▶ What to work on
Copy exactly the lines of the records below, and only those lines, beginning with the line that contains "Book cover for" and ending with the line that contains "Watercolor Flowers Burgundy".

▶ Source material
/---
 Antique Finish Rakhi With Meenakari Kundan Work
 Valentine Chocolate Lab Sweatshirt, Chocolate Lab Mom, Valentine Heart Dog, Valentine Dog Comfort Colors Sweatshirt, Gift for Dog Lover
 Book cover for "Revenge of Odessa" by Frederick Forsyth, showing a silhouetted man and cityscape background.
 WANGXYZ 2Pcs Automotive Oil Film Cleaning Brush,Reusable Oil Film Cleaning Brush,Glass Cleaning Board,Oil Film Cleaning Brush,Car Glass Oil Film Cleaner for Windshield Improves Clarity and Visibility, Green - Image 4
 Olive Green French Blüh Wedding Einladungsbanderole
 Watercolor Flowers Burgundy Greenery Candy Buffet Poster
\---
/---
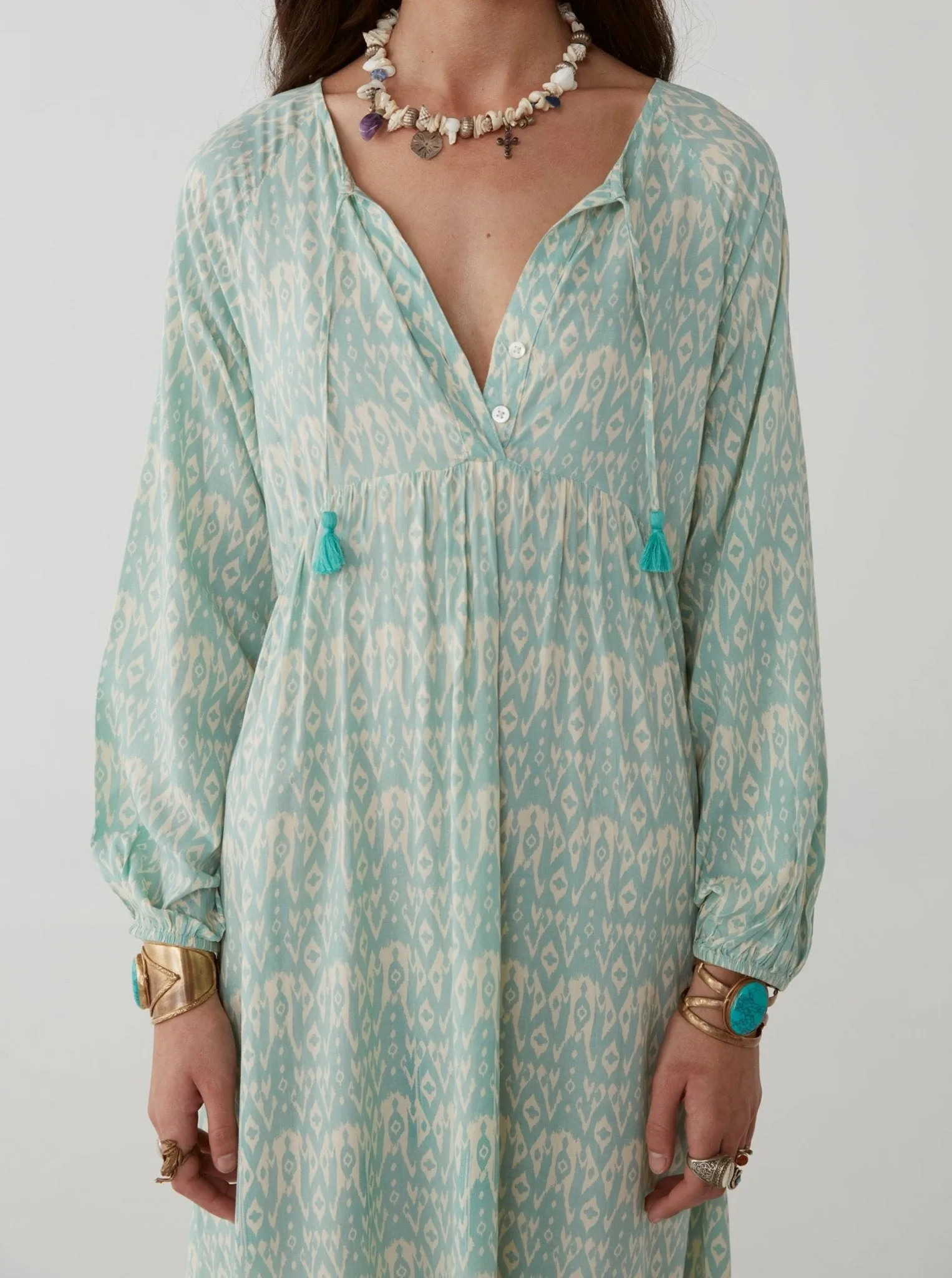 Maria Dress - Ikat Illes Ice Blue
\---
▶ Exercise result
 Book cover for "Revenge of Odessa" by Frederick Forsyth, showing a silhouetted man and cityscape background.
 WANGXYZ 2Pcs Automotive Oil Film Cleaning Brush,Reusable Oil Film Cleaning Brush,Glass Cleaning Board,Oil Film Cleaning Brush,Car Glass Oil Film Cleaner for Windshield Improves Clarity and Visibility, Green - Image 4
 Olive Green French Blüh Wedding Einladungsbanderole
 Watercolor Flowers Burgundy Greenery Candy Buffet Poster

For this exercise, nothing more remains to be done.